Bill Doherty Jr. is an American actor.

Personal life
Bill Doherty Jr. was born and raised in Dedham, Massachusetts. After high school, Doherty became a deadhead, following the Grateful Dead around the country, mostly by hitchhiking, for five years.

Career
Since 2005 Doherty starred in independent short and feature films throughout New England and New York. He appeared in television shows including Showtime's Brotherhood and ABC's Body of Proof. He also wrote, directed and starred in the short film Love Hurts which made its world premiere at the Boston International Film Festival.

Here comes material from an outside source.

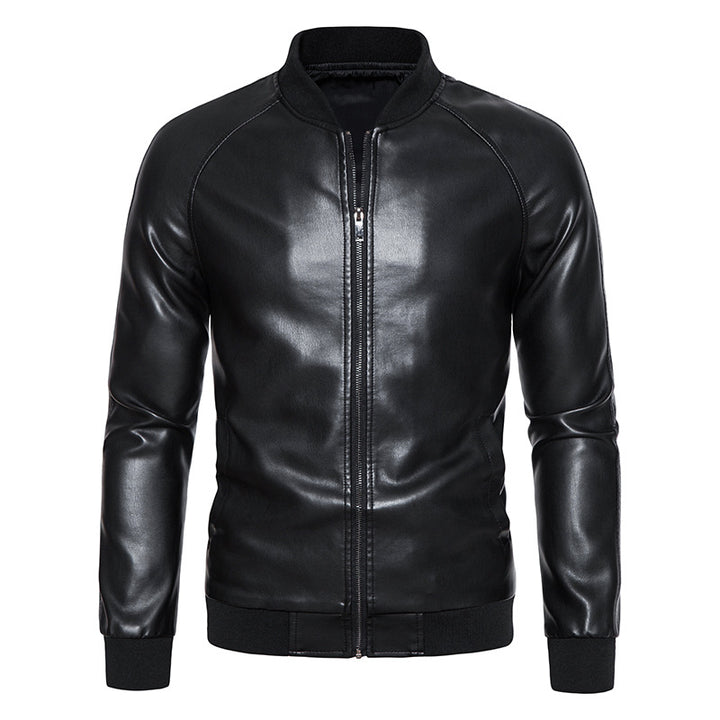 Herren modische Kunstlederjacke mit komfortablem Innenfutter Echoarchiv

He made the move to Los Angeles in 2011 and has since worked with writer/director Billy Van Zandt on his farce Drop Dead!, director/acting coach Larry Moss on the Los Angeles premiere of Neil LaBute's play In a Dark Dark House, actor/director Ronnie Marmo and actor/writer Jon Polito on the world premiere play 86'd, actors Kevin Chamberlin, Eric Kramer, and Omar Benson Miller on the short film Meat and Potatoes, and had three roles in the animated feature film Icky: An American dog story starring Dan Lauria, Jonathan Silverman, Meredith Salenger, and Jennifer Finnigan.

Drop Dead!
In 2014 Bill Doherty Jr. performed one of his most notable roles playing the lead role of Brent Reynolds as Alexander Barrington. An eccentric, larger than life, washed up method actor trying to make a career comeback in an off off off off off off off broadway show in the farce/comedy Drop Dead! written and directed by Billy Van Zandt. Los Angeles raved about the 23 year comeback of the play.

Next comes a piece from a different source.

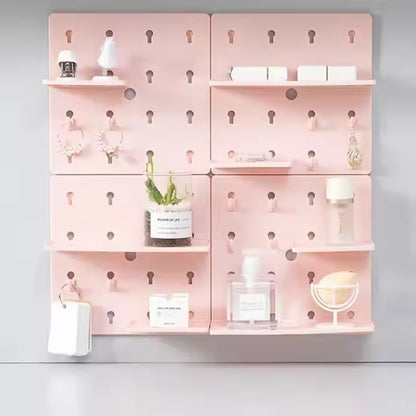 1PC Wall Perforation Free Plastic Shelving Wall Peg Boards for Walls - The Grand Bazaar of Australia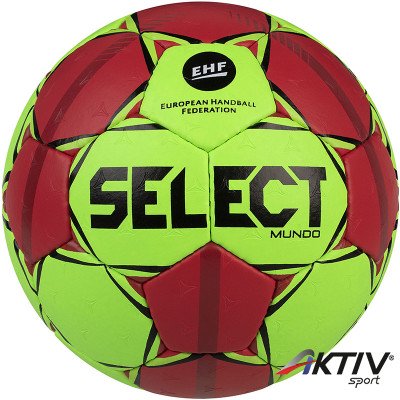 Kézilabda Select Mundo zöld-piros méret: 3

Personal Recognitions for Drop Dead!:
 L.A. Weekly: "There are some very funny moments of timeless physical comedy, such as how the show's leading man (the excellent Bill Doherty Jr.) gets his nose broken, and in the playwright's "My life is over" opening-night speech."
 Broadway World: "DROP DEAD! lead actor Alexander is played by Brent Reynolds (Bill Doherty Jr.) in a lavender waistcoat worthy of any Shakespearean role."
 All About the Stage: "Alexander Barrington (the hysterical Bill Doherty Jr.) performs several hysterical soliloquies about snow."
 The Hollywood Times: "Bill Doherty Jr. let us all know, "He is the MAN!""
 Life in L.A.: "Bill Doherty Jr. plays Brent Reynolds humorously, and it is delightful to watch him play the character with such lighthearted charm."
 Tolucan Times: "As a passionate and offbeat newly married couple, Shelly Hacco and Bill Doherty Jr. as her dim-witted hubby who can't remember her name... are a TON OF FUN!"

In a Dark Dark House
In 2014 Bill Doherty Jr. dove directly from Drop Dead! into the supporting role of Drew in the Los Angeles premiere of Neil LaBute's play In a Dark Dark House. He understudied the supporting role. The play was directed by Larry Moss and Doherty had one sole performance was at the Matrix theater in Los Angeles on Wednesday August 27, 2014.

86'd
In 2012 Bill was cast in the world premiere play 86'd written by Jon Polito. The play was directed by Ronnie Marmo and was chosen as L.A. Weeklys weekly pick and L.A. Times critics choice.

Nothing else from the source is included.